2) This number is unique (by definition of "the largest")
3) Because he exist and is unique, we can exhibit and name it : L
4) We consider the number M = L+1
5) M>L, so L is not the largest number
6) You have both "L is the largest number" and "L is not the largest number"
7) Point 6) implies that one of these assertions is false, and because our reasoning is valid, that means that "L is not the largest number"

But in this proof, nowhere you have infinity

I disagree, because if L stands for the maximum of N then if L is false that'd mean that N has no maximum and that'd mean it's an infinite set. The problem is: L needs to stand for all members of N, for all natural numbers, not just one. If L stands just for one number, even an arbitrary one, then the proof just shows that this specific but unknown number isn't the largest (but maybe another one).

So you think that a set of numbers may have more than one largest member?

No, but the point of the proof is to assume a largest number L and then find out that it is not, so the assumption was wrong in the first place. If a variable just stands for one number then this proof just shows that the number behind L is not the largest, but maybe L+1 is

No, L was the largest, by assumption. In that case there is no natural number, L+1 (or otherwise), which could also be the largest.

and there you have a regressus. My point is: to prove something for a set you have to use variables that somehow stand for all objects of the set and that's a problem, if you deal with infinitive sets, because in infinity there is no "all", it's an ever ongoing unclosed process.... (This is just to show you my concern, I am not a math guy, so I can be wrong easily.)

So you do not believe that all natural numbers are greater than zero, because you cannot prove that for each natural number, one at a time?

Edited for emphasis and clarity.

[paK0]

No, the idea of the proof is :

1) Suppose that there is a largest number.
2) This number is unique (by definition of "the largest")
3) Because he exist and is unique, we can exhibit and name it : L
4) We consider the number M = L+1
5) M>L, so L is not the largest number
6) You have both "L is the largest number" and "L is not the largest number"
7) Point 6) implies that one of these assertions is false, and because our reasoning is valid, that means that "L is not the largest number"

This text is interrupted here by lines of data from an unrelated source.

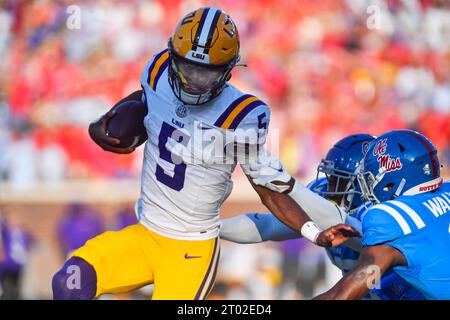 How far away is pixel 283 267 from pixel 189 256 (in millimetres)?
3645

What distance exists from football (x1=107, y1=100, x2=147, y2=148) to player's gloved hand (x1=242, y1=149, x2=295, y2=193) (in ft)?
1.77

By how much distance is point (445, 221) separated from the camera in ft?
10.8

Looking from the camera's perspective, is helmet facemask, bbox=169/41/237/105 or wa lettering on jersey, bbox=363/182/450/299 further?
helmet facemask, bbox=169/41/237/105

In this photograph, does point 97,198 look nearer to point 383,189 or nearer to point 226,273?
point 226,273

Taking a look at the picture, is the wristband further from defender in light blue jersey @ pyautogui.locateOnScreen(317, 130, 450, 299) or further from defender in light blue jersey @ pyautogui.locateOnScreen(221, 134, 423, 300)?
defender in light blue jersey @ pyautogui.locateOnScreen(221, 134, 423, 300)

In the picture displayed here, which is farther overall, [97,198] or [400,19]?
[400,19]

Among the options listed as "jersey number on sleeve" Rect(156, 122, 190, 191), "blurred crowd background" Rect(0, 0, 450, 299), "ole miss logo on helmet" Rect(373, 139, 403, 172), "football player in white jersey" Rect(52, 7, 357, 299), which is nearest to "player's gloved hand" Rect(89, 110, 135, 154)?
"football player in white jersey" Rect(52, 7, 357, 299)

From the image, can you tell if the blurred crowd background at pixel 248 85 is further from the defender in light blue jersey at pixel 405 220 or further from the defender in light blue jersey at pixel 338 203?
the defender in light blue jersey at pixel 405 220

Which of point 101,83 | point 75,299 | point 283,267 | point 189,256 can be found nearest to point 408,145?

But in this proof, nowhere you have infinity

I disagree, because if L stands for the maximum of N then if L is false that'd mean that N has no maximum and that'd mean it's an infinite set. The problem is: L needs to stand for all members of N, for all natural numbers, not just one. If L stands just for one number, even an arbitrary one, then the proof just shows that this specific but unknown number isn't the largest (but maybe another one).

So you think that a set of numbers may have more than one largest member?

No, but the point of the proof is to assume a largest number L and then find out that it is not, so the assumption was wrong in the first place. If a variable just stands for one number then this proof just shows that the number behind L is not the largest, but maybe L+1 is

No, L was the largest, by assumption. In that case there is no natural number, L+1, which could be the largest.

L being the largest was in fact an assumption, which is pretty much the point of the proof. An assumption can be verified or falsified, in this case the assumption that L is the largest natural number was falsified

and there you have a regressus. My point is: to prove something for a set you have to use variables that somehow stand for all objects of the set and that's a problem, if you deal with infinitive sets, because in infinity there is no "all", it's an ever ongoing unclosed process.... (This is just to show you my concern, I am not a math guy, so I can be wrong easily.)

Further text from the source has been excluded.